Tuesday, June 28, 2005

Some Want Civil War

It can be argued that the number of sectarian-motivated killings in Iraq is overestimated (killings by criminals, rival tribes etc. may be propagandised as such, just remember the bodies fished from the river and how Iraqi puppet President Talabani jumped on it), but some attacks like bombings of mosques make certain there is are elements wanting civil war.

On the Sunni Muslim side, I thought about which branches could be behind this. I close both nationalists and ex-Baathists out. While I wouldn't put such a cynical mass-murdering strategy beyond the ex-Baathists, it just doesn't make sense: without tanks and planes and area weapons, I doubt they won't realise that this would is a conflict they are bound to lose. While the USA can be chased away, the Shi'a will have to stay - and with both well-trained militias like the Badr Corps and militias of high numbers like the Mahdi Army, they'd be crushed.

No, I more see the sectarian religious extremists as culprit. On one hand, Arab groups like Zarqawi's, on the other, the Kurd Sunni fundamentalist group Ansar-e-Islam and its spinoffs. (For the latter, a sectarian Sunni-Shi'a instead of an ethnic Arab-Kurdish conflict would be a boon, in most part to be watched safely from a distance.)

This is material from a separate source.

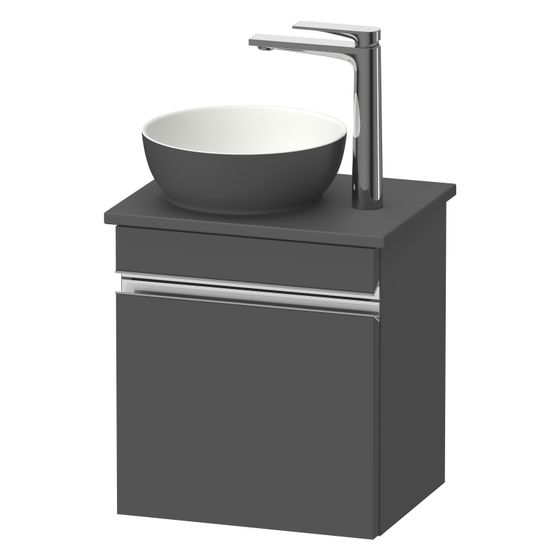 Duravit Sivida Konsolenwaschtischunterbau wandh 325x400x440mm L ohne KSP Graphit Matt Griffleiste 1 Tür auto SV4656L10490000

As for the Shi'a side, it's not just the US-dependent powers-that be with irresponsible propaganda. Some in the police, possibly ex-Badr-Brigades, have started abducting, torturing and killing Sunnis, allegedly on suspicion of their membership in the resistance. As this chilling Knight Ridder report suggests, they're not behind the Sunni extremists and the Americans in cruelty - their methods include dragging someone to death behind a car. (That report is close to how I imagine real journalism - for example, after giving the official 'explanations' for the killings - Sunni insurgents dressing as police - they put forth a truckload of evidence that, let's just say, makes the official explanation unlikely.)

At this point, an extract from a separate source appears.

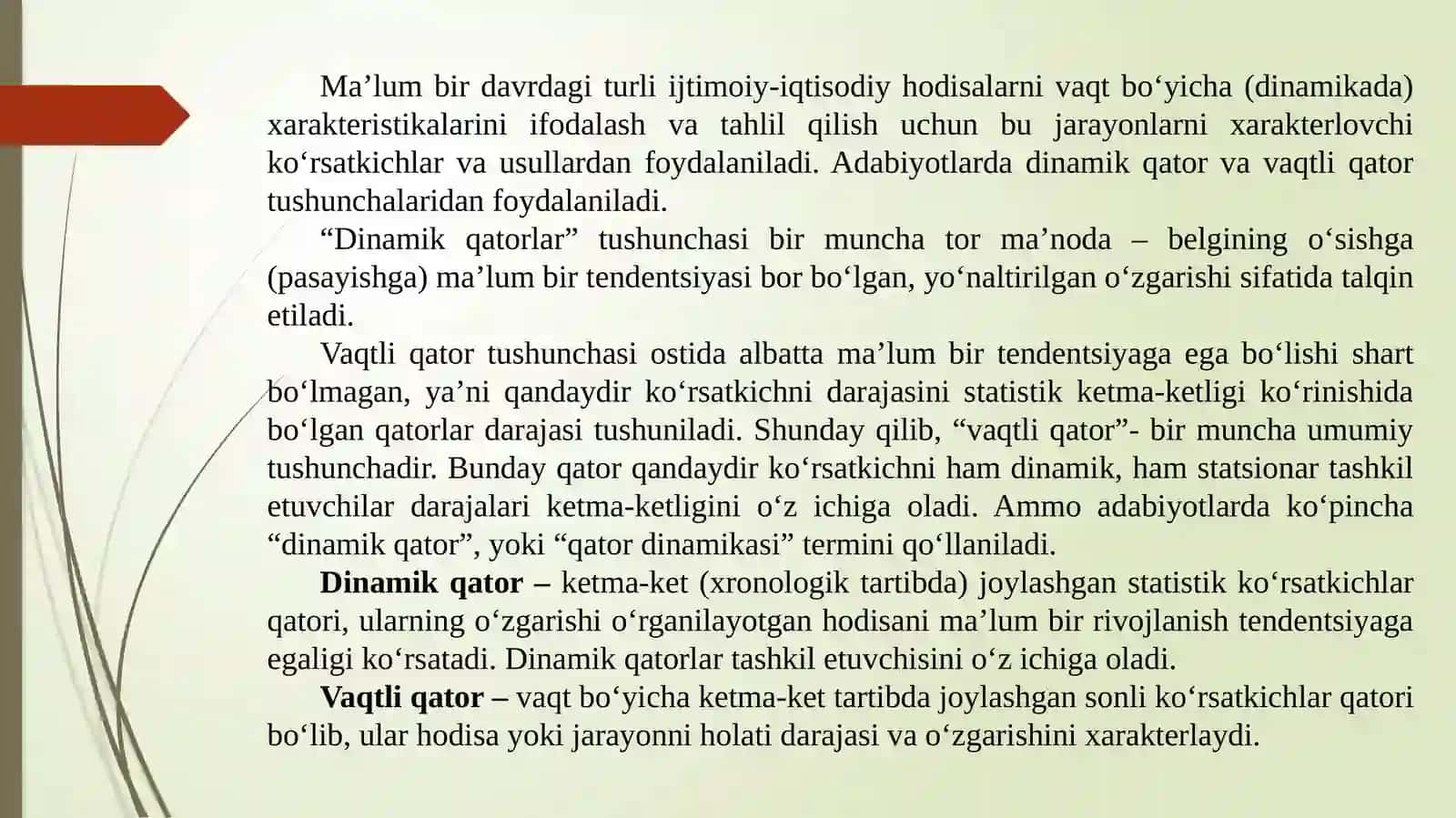 Vaqtli qatorlar. Tenglamalar tizimi ko‘rinishidagi ekonometrik model 3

So, just like in Yugoslavia, it might happen that while majorities in even the sub-populations don't want war, extremists and irresponsible leaders at home and misguided to irresponsible to malicious foreign powers will make it real.

To close this off, interestingly, ever more Islamic clerics who support armed resistance denounce and call for an end of attacks on civilians - the last was the top cleric in Egypt. He said:

"The individual operations and almost daily bloody acts which kill civilians under the slogan of jihad to liberate Iraq are a kind of mockery and chaos which distort the image of Islam and Muslims," Grand Mufti Ali Gumaa said.

It is strange that an atheist like me would like to see the word of a cleric followed, on the other hand, I am pessimistic about anyone heeding his and others' calls.